Exercise goal: Copy the data below exactly, omitting any picture it contains.
[Data Boundary: Start]
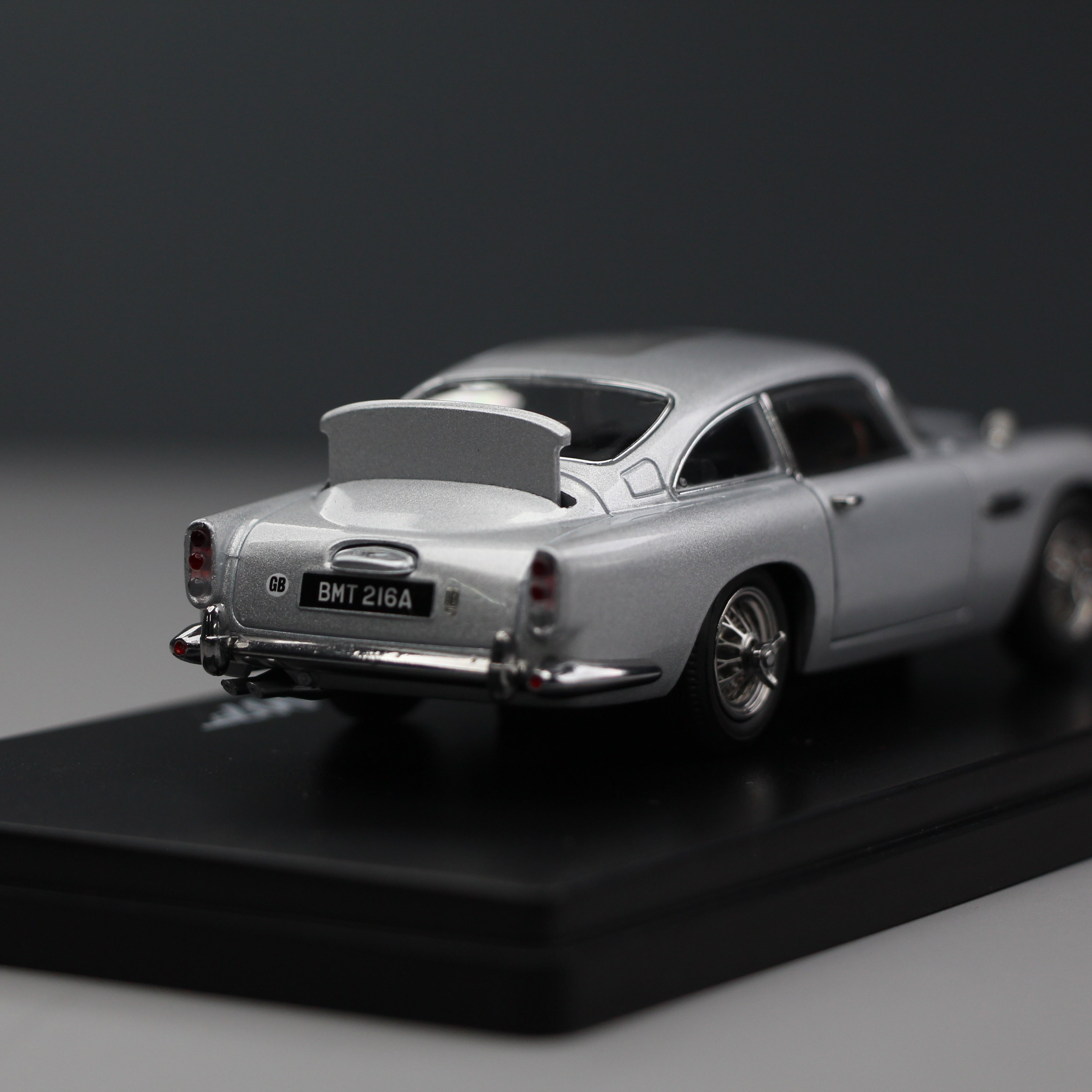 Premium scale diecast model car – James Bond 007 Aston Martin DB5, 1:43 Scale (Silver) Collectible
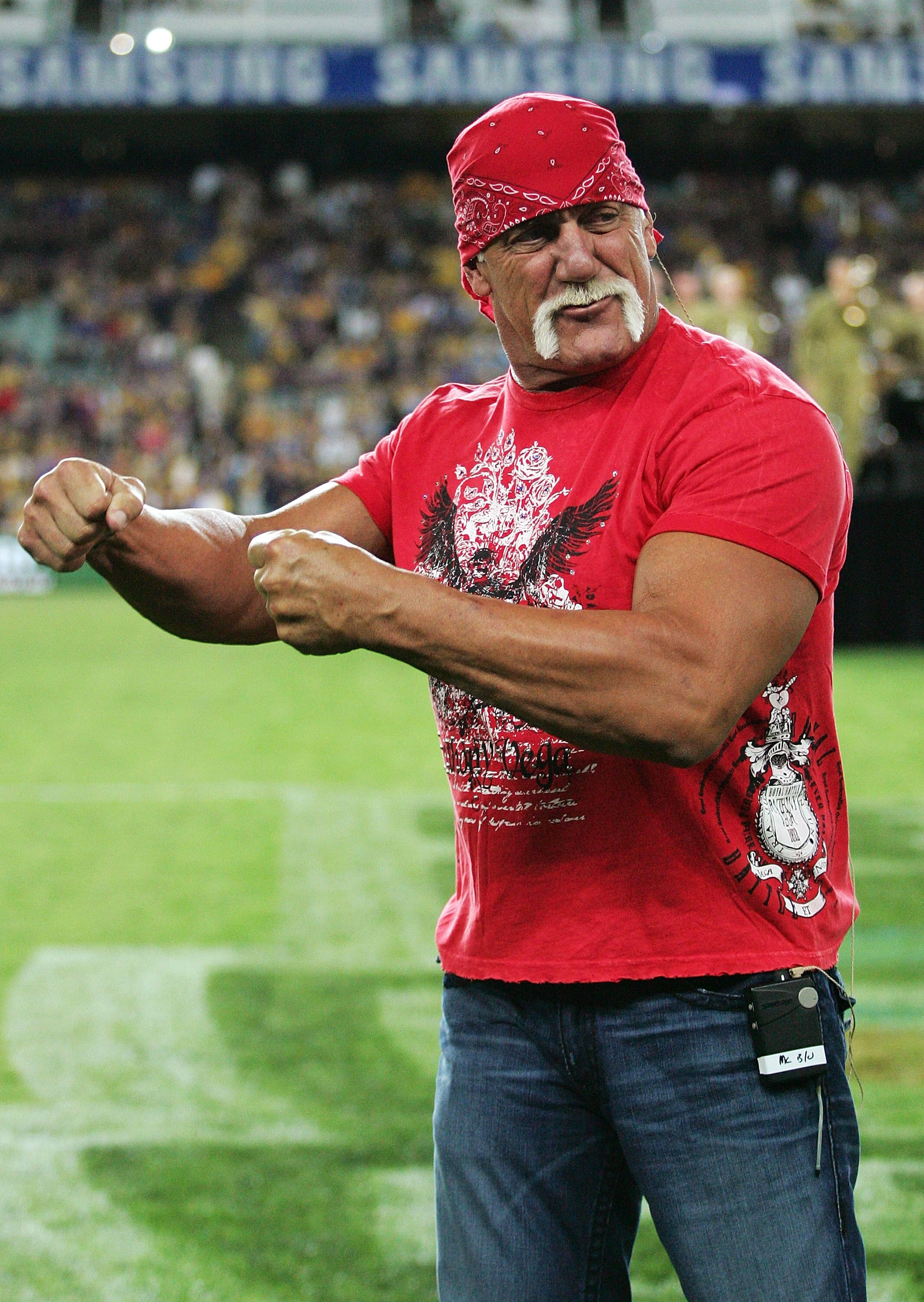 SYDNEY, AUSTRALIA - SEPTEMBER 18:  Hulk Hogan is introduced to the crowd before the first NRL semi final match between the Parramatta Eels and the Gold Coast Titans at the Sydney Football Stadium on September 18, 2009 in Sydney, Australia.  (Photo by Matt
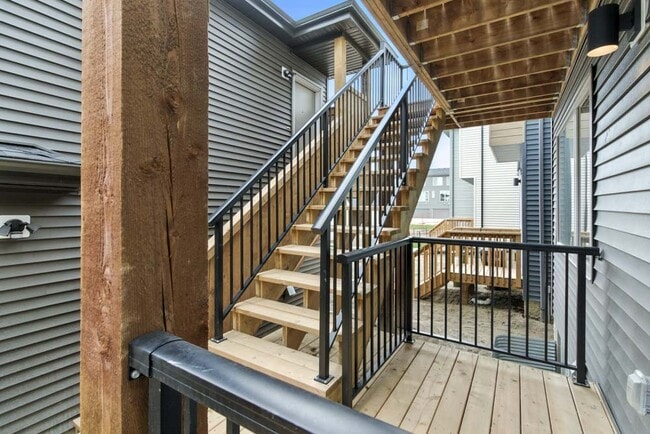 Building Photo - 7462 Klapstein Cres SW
[Data Boundary: End]
Solution to the exercise:
 Premium scale diecast model car – James Bond 007 Aston Martin DB5, 1:43 Scale (Silver) Collectible
 SYDNEY, AUSTRALIA - SEPTEMBER 18:  Hulk Hogan is introduced to the crowd before the first NRL semi final match between the Parramatta Eels and the Gold Coast Titans at the Sydney Football Stadium on September 18, 2009 in Sydney, Australia.  (Photo by Matt
 Building Photo - 7462 Klapstein Cres SW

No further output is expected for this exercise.